Start of Block
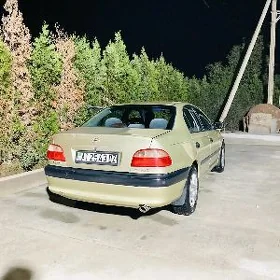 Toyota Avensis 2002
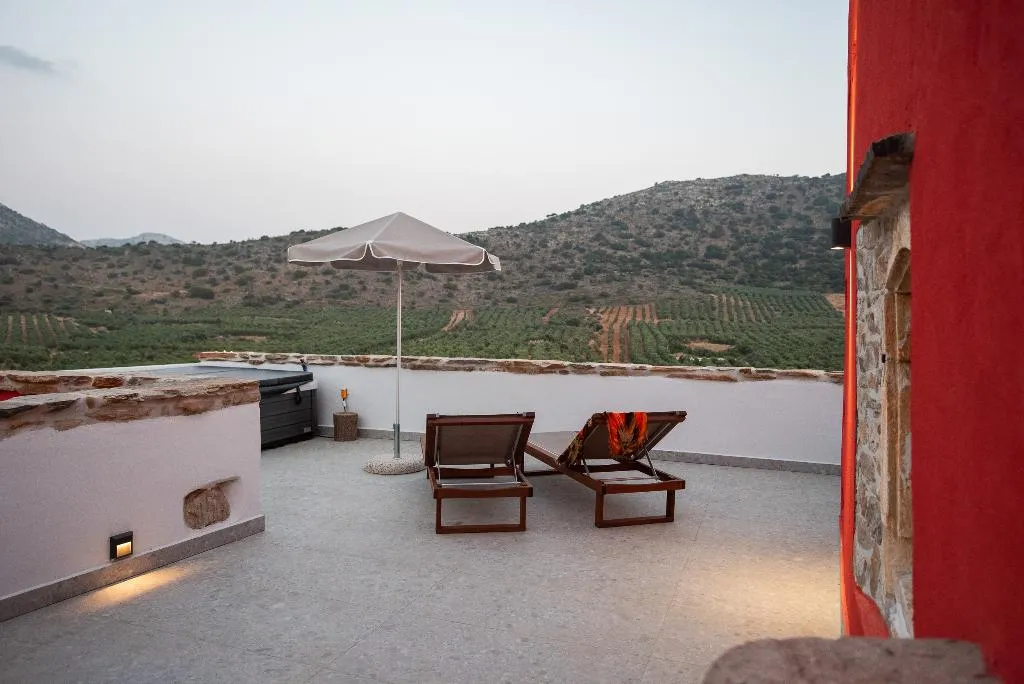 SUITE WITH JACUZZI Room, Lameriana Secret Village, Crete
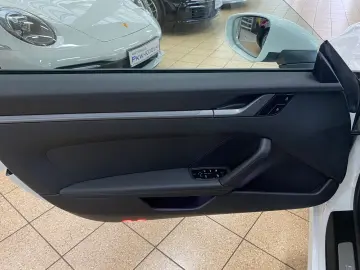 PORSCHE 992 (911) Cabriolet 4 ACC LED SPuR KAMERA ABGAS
End of Block
Start of Block
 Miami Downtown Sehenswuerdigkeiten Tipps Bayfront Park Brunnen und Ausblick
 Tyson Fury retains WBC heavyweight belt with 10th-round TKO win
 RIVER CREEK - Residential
End of Block
Start of Block
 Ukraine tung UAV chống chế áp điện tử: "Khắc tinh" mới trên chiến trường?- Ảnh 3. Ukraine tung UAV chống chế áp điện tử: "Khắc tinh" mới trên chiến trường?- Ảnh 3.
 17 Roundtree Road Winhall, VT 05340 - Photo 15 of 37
End of Block
__WHAT TO WORK ON__
The reply should hold exactly the lines above, starting at the line with "Toyota Avensis 2002" and ending at the line with "PORSCHE 992 (911)", and no pictures.

__EXERCISE SOLUTION__
 Toyota Avensis 2002
 SUITE WITH JACUZZI Room, Lameriana Secret Village, Crete
 PORSCHE 992 (911) Cabriolet 4 ACC LED SPuR KAMERA ABGAS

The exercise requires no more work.